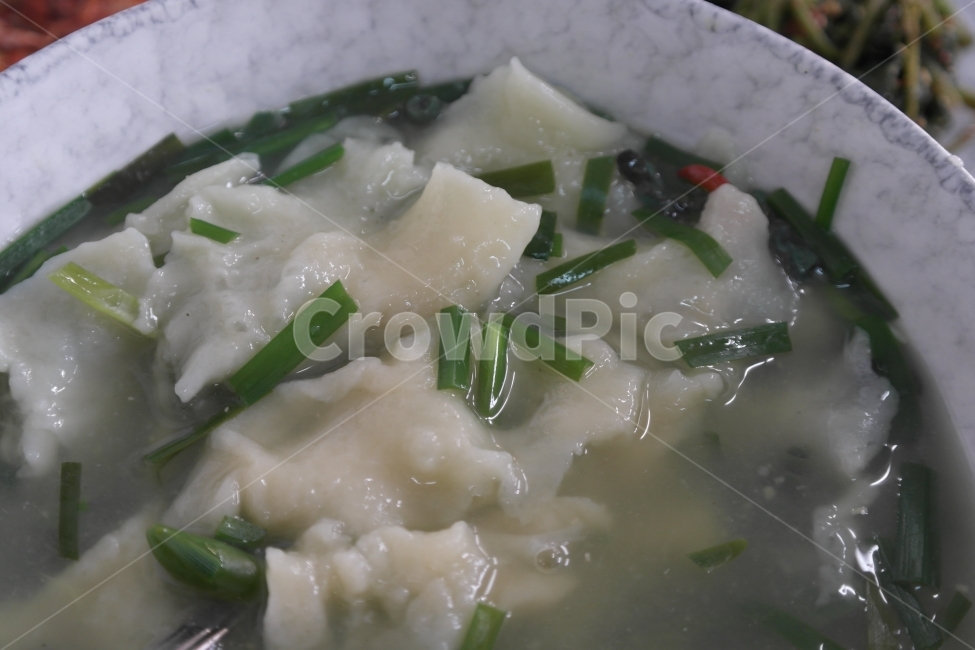 수제비,부추,밀가루음식,다슬기수제비,해장국,음식,식재료,요리,food,cook,meal,dishes,food reserves,한식,한국음식,한국요리,korean food,korean dishes,korean meal,korean cook
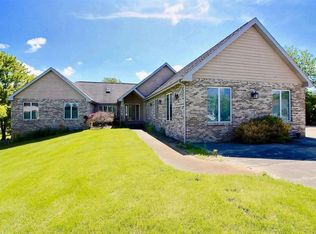 569 Royalwood Rd, Valparaiso, IN 46385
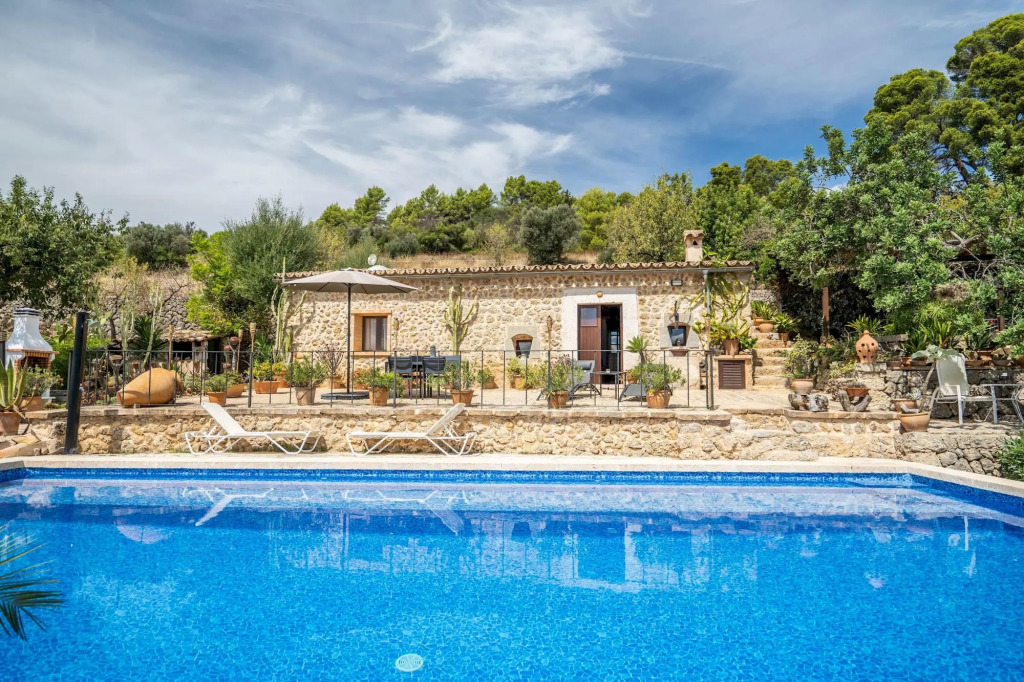 CAN PULIT finca romántica para 2 con piscina y vistas en Selva Mallorca
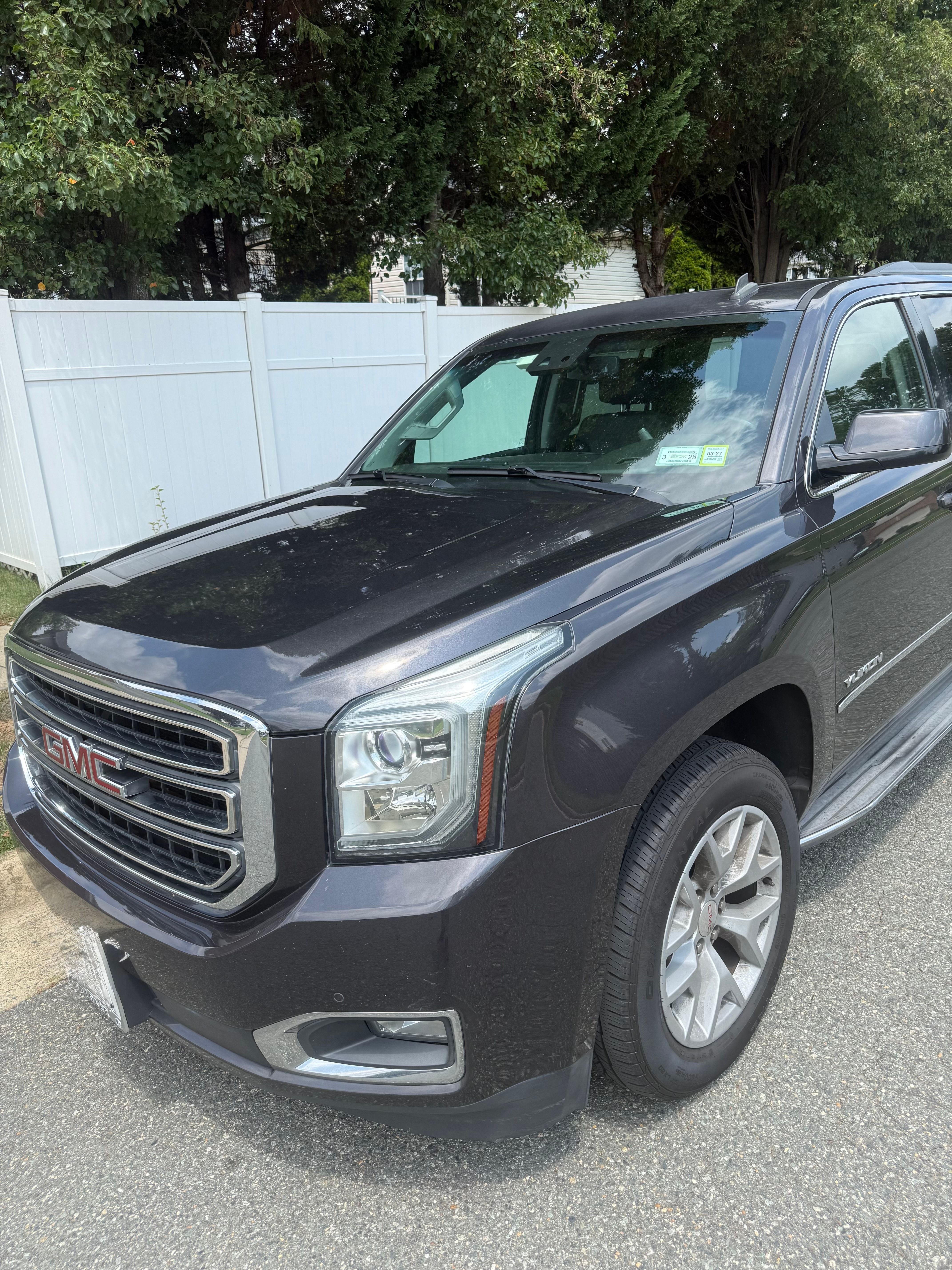 Used 2015 GMC Yukon SLT w/ Open Road Package AWD/4WD image 2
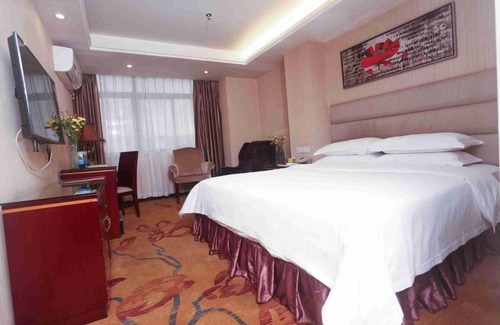 Baiyun Hotel | Vienna Hotel Guangzhou Dekang Road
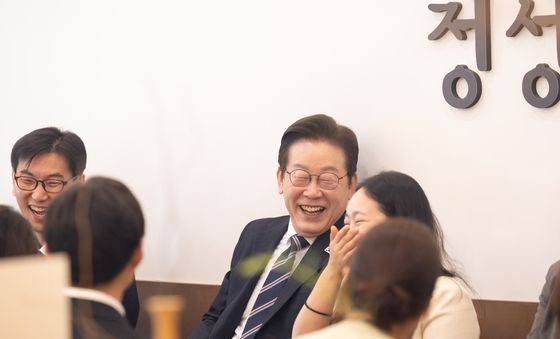 세종 공무원들과 오찬하는 이재명 대통령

→ **What needs to be done**
Every line above goes into your copy exactly; no images go in.

→ **Answer space**
 수제비,부추,밀가루음식,다슬기수제비,해장국,음식,식재료,요리,food,cook,meal,dishes,food reserves,한식,한국음식,한국요리,korean food,korean dishes,korean meal,korean cook
 569 Royalwood Rd, Valparaiso, IN 46385
 CAN PULIT finca romántica para 2 con piscina y vistas en Selva Mallorca
 Used 2015 GMC Yukon SLT w/ Open Road Package AWD/4WD image 2
 Baiyun Hotel | Vienna Hotel Guangzhou Dekang Road
 세종 공무원들과 오찬하는 이재명 대통령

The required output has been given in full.